What this movie also made me realize after thinking about the deeper message behind it is that the theme of vanity is incredibly prevalent in many Disney films through the years, especially with the villain characters. In Snow White the evil queen asks her magic mirror on a regular basis for reassurance that she is the fairest in the land. In Beauty and the Beast the prideful prince has a spell cast on him turning him into a Beast till he can find someone who loves and accepts him for who he is. In Sleeping Beauty the evil witch Maleficent puts a coma-like spell on Princess Aurora after her 16th birthday because she feels threatened by her beauty, and because she didn't receive an invitation to her christening. In The Hunchback of Notre Dame (originally an epic Victor Hugo novel) the hunchback is cooped up in the cathedral tower after being deemed too ugly to look at by his evil master and later finds love and acceptance from the beautiful Esmerelda. And in Tangled (an updated version of the classic Rapunzel story, in case you haven't figured that out yet) Rapunzel is kidnapped by an evil vanity obsessed elderly women who knows that Rapunzel possesses magic hair that will keep you young and beautiful when you sing to it. She keeps Rapunzel locked up in a tower and visits her whenever she needs her youth fix. What can we take from all these cases of vanity gone too far? In almost every one of these stories, the beautiful princess or future princess doesn't take her beauty too seriously and doesn't even realize the full extent of it. She is so full of love of her family, or creature or fairy friends and wants to please them that her own beauty seems to be one of the last things on her mind. Looks don't matter to her and in the end, I think that is what makes her most beautiful and something we women, young and old, can all learn from.

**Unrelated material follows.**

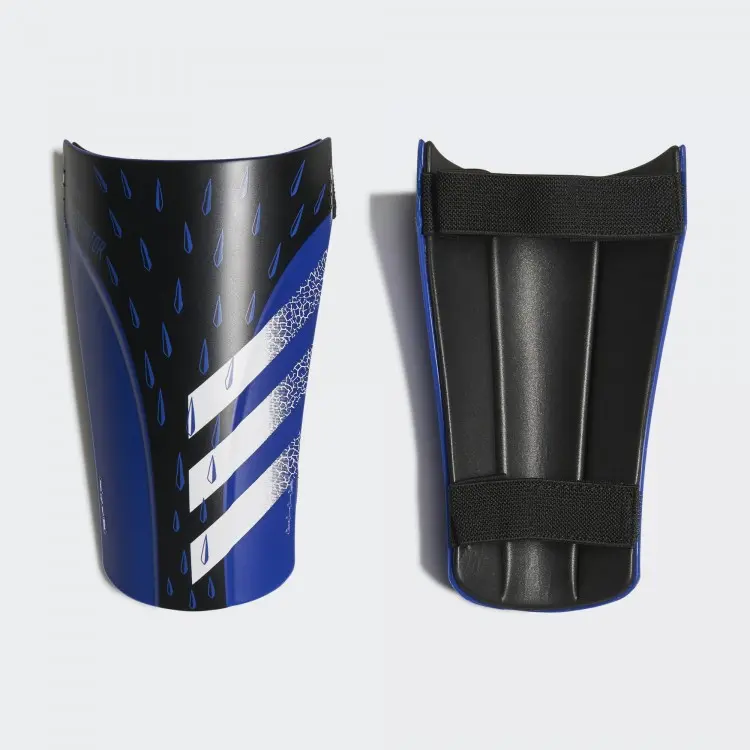 Футбольні щитки Adidas Predator Sg Trn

Mandy Moore does an excellent job voicing Rapunzel in Tangled and I love what she recently said about dieting and body image at the Tangled press event in Disneyland:

"I'm not obsessive about dieting. If I want to have a burger and fries like I did the other night in the park, then I'm going to do that because that's okay. [There have been times] when it's the first thing on my mind all the time. I'm so affected and driven by that diet and what I'm eating and how much I'm exercising. I've just realized in time that if it's a constant thread in the background of my life, that's when I'm the happiest and that's when I feel the best about myself."

This is the healthy mindset I hope to develop one day and in my opinion, Mandy Moore has never looked better.


Lesson to take from the lovely animated Disney characters and the voice behind one of them? Vanity should be the last thing on our mind and when it is, that is when we are our most happiest and the most beautiful. Let's practice that starting today!

1 comment:

  1. I Love this post! I actually hadn't thought about all the ways that vanity is talked about in Disney movies, very interesting! Plus "Tangled" really was as good as you said it was! I loved it so much!